«Se gli artisti non hanno grandi e importanti compiti da realizzare, se le loro creazioni non hanno altro scopo che portare fama e fortuna a pochi eletti e divertimento e piacere personale ai loro beneficiari, come possiamo giudicarli se non attraverso la montatura pubblica che di solito li accompagna in un determinato momento?» si domandava Zygmunt Bauman in un suo noto saggio (Per tutti i gusti. La cultura nell’età dei consumi, 2016, Editori Laterza).
Come dare torto al sociologo polacco in relazione ai linguaggi della creatività contemporanea? A maggior ragione in un momento storico in cui l’espressione più deplorevole di un nazionalismo radicale sta sacrificando migliaia di vite umane, gli artisti che contribuiscono a comunicare temi «caldi», di cui tanto si parla ma di cui si ignorano gli aspetti drammatici più ordinari, incarnano una condotta ideale, auspicabile proprio dalle menti più critiche e visionarie.
Paolo Grassino (Torino, 1967) da sempre guarda con interesse la società moderna di cui offre una sua personale visione, frutto di un’originale commistione tra il mondo naturale e quello artificiale. Per la terza edizione della Biennale Città di Pinerolo, che inaugura giovedì 7 settembre alla Cavallerizza Caprilli (sino al 7 gennaio 2024), ha concepito un percorso espositivo, «Incursioni», curato da Franco Fanelli e con la direzione artistica della Galleria Losano Associazione Arte e Cultura, in cui è centrale il tema della guerra.
La manifestazione, che prevede l’esposizione di opere monumentali in luoghi pubblici di particolare interesse, quest’anno ha un «epicentro», la cavallerizza cittadina per l’appunto, maestoso edificio di inizio Novecento che in passato veniva utilizzato per allenamenti militari, concorsi ed eventi comunali. Entrando in questa sede si è sorpresi da uno scenario catastrofico: al centro della pista, lo schianto di un aereo da caccia sovietico utilizzato negli anni Cinquanta durante la Guerra Fredda («Mig 15» del 2012).
D’un tratto, con un abile «coup-de-théâtre», il passato pare proiettarsi sul presente. Il periodo in cui la minaccia nucleare era ritenuta un rischio concreto ritorna più che mai attuale toccando la sfera emotiva in profondità e trasmettendo la sensazione di un «tempo senza tempo» in cui permangono accadimenti che sempre tormentano il vissuto dell’uomo. All’esterno della struttura il regista dell’intera opera ha fornito degli indizi sibillini come a preannunciare questa presenza impattante.
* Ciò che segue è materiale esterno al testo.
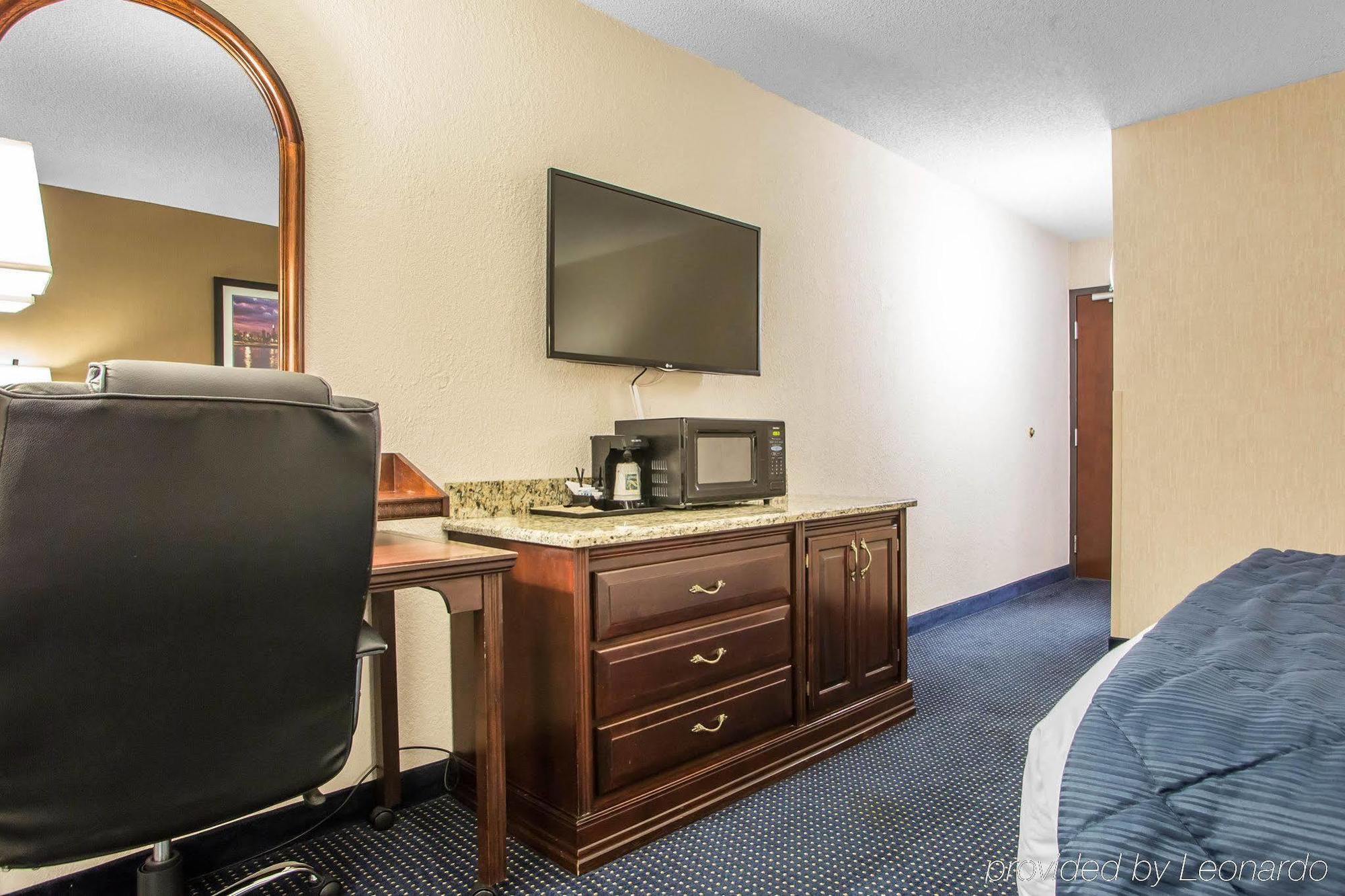Quality Inn Schaumburg - Chicago Near The Mall Zewnętrze zdjęcie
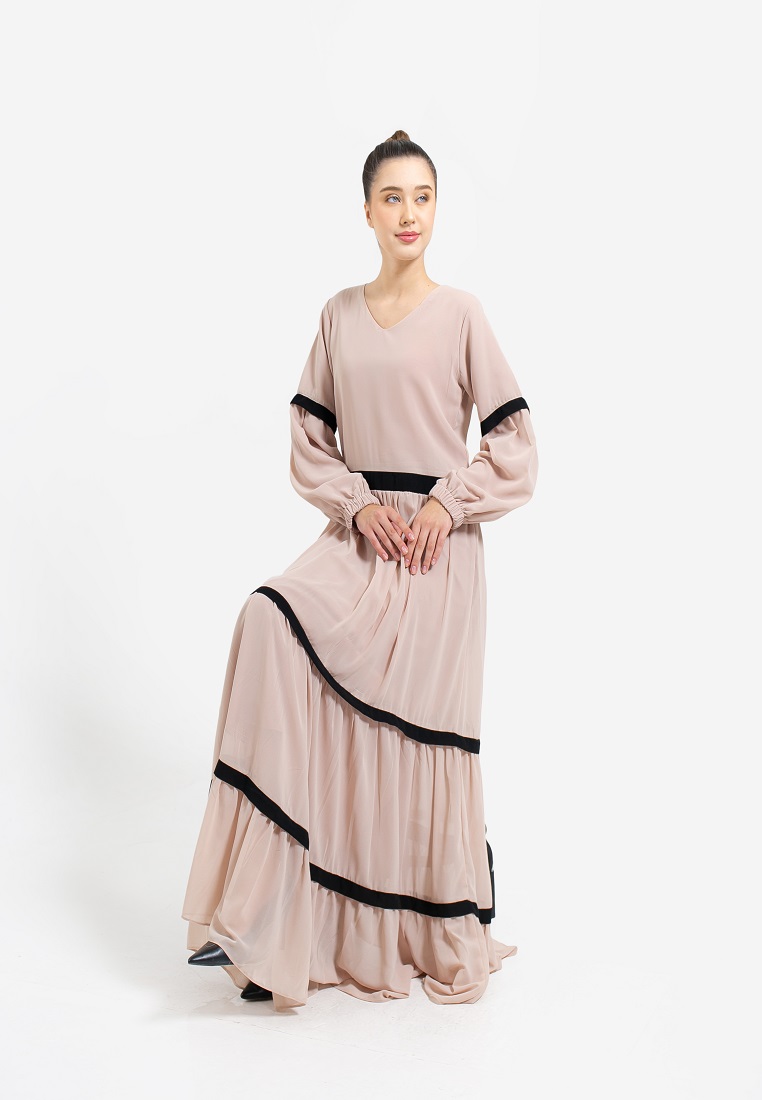 Heaven Sent Belvina Dress Beige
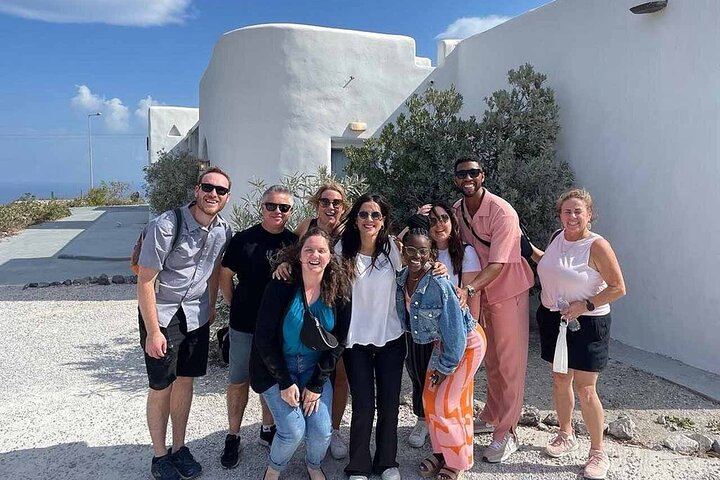 Santorini Weinabenteuer mit 12 Weinproben, Tapas und Sonnenuntergang
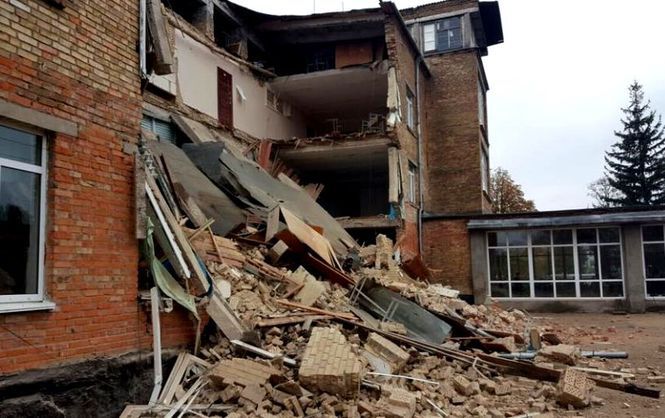 У школі під Києвом обвалилася стіна: відео з місця події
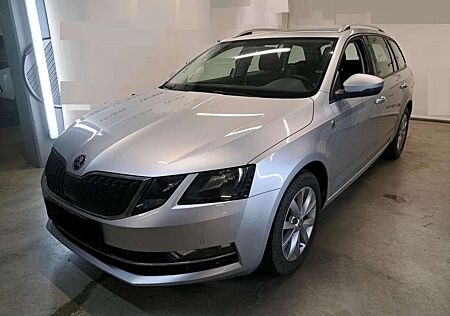Skoda Octavia Combi 2.0 TDI Style DSG ACC Nav PDC SHZ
Due figure «mutanti», dal cui viso traboccano ramificazioni, parte della «Serie Zero» del 2018, paiono silenti introduttori della «narrazione scenica» e parimenti suoi guardiani. Ancora dentro la costruzione, alle pareti dei piani superiori, compaiono pannelli traforati, paesaggi urbani bombardati dal titolo quanto mai esplicito: «Guerra è sempre (Est e Ovest)» del 2018. Nello stesso luogo, calchi in cemento del volto di Grassino, «Senza nome» del 2021, sono segnati da ferite in forma di brandelli tessili, mentre a terra un’installazione di mattoni di cemento, «Guerra è sempre (Edificare)» del 2018, è un memoriale in ricordo dei caduti che fa venire in mente altri interventi affini come quelli degli artisti Menashe Kadishman o Gunter Demnig.
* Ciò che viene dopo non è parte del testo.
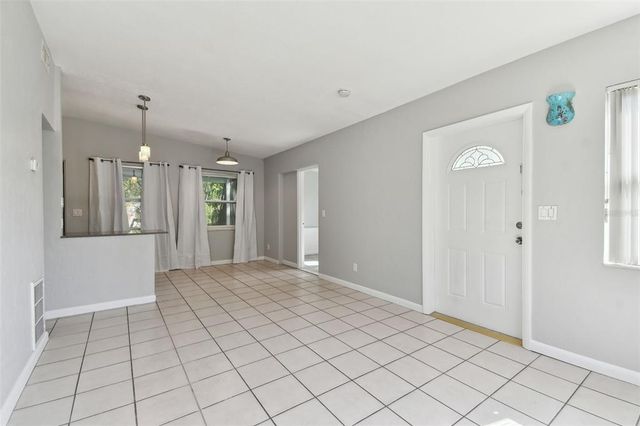 1821 20TH AVENUE N, St Petersburg, FL 33713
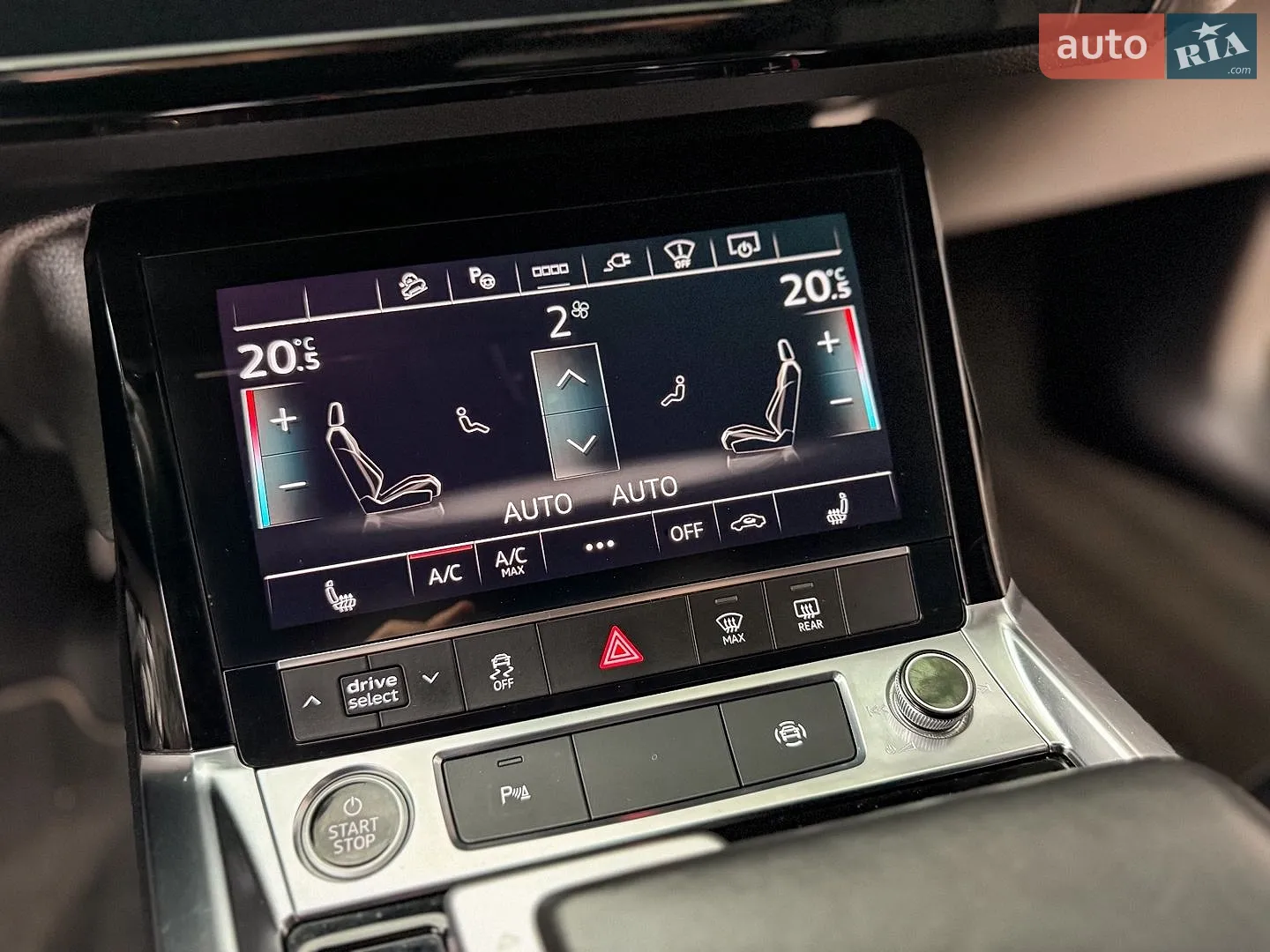 2021 Audi e-tron Sportback - мініатюра 33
A cogliere ancora di sorpresa lo spettatore è «Cardiaco» del 2006, un gigantesco cuore nero in alluminio posto sull’altura di San Maurizio, nella terrazza panoramica del Santuario Madonna delle Grazie. «Come l’aereo schiantato della Cavallerizza può somigliare a un gigantesco mozzicone di sigaretta schiacciato in un posacenere, così, in questa collocazione, “Cardiaco” sembra enfatizzare in maniera parossistica il significato sacrificale di questo elemento, che diventa “Sacré Coeur” laico, inopinata incursione di un’opera d’arte contemporanea in un tessuto storico e sociale gravido di storia», spiega Fanelli.
Nella Galleria Losano, in una sezione della Biennale intitolata «Sulla linea», sono collocate quattro sculture, colate in cemento e rivestite di indumenti imbottiti neri. Una linea invisibile, ma reale, di vetro, taglia in due ciascun «corpo», demarcando la separazione tra l’essere e il nulla. Alle pareti, una serie di acrilici mostrano volti egualmente inquietanti e metamorfici.